Two suitors competing to rescue British bank Northern Rock have been told to improve their offers to beat the alternative of nationalisation, sources familiar with the matter said.
The Virgin consortium, though, has been picked as a front-runner, ahead of a rival "in-house" proposal led by the mortgage bank's current management team, the sources said.
"Virgin are ahead at the moment but they would need to improve their offer before the government is ready to do a deal," one source close to the talks said.
A spokesman for entrepreneur Richard Branson's Virgin said the group would continue to talk to the government about its proposal, but declined to comment further.
The government, for whom Northern Rock has become a political headache, has lent £25 billion to the bank since its near-collapse in September, and has consistently said it would prefer a private solution.
But the sources said all-out nationalisation was still currently seen as a better outcome for the taxpayer.

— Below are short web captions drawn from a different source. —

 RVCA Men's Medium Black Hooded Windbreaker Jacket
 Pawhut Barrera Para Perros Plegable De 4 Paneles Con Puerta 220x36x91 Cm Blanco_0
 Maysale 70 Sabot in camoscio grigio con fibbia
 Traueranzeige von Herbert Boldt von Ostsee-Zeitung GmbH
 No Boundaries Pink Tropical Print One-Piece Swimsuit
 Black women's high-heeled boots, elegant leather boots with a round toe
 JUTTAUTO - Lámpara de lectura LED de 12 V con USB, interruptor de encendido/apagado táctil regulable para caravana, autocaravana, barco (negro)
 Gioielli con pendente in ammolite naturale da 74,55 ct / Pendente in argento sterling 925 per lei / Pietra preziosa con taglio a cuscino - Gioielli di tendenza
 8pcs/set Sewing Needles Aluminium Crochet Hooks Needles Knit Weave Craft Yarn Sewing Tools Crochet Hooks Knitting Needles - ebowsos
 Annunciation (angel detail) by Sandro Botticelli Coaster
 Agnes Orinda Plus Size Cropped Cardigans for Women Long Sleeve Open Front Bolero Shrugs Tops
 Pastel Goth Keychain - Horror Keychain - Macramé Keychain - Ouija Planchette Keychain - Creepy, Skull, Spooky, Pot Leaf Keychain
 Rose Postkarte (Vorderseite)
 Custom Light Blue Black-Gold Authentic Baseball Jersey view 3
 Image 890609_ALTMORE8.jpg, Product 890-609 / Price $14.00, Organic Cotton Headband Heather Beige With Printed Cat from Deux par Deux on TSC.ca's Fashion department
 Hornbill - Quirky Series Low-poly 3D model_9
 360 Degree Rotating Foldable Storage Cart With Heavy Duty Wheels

Both the Virgin and the "in-house" options would essentially be public-private partnerships. The sources said the option led by the bank's management had not been ruled out.
News that Virgin is ahead, though, will be a blow to the bank's larger shareholders who have said that proposal would significantly dilute existing investors' stakes.
The bank's volatile stock was down 4.5 per cent at 100.25p earlier, valuing Britain's fifth-largest mortgage lender at just over £420 million.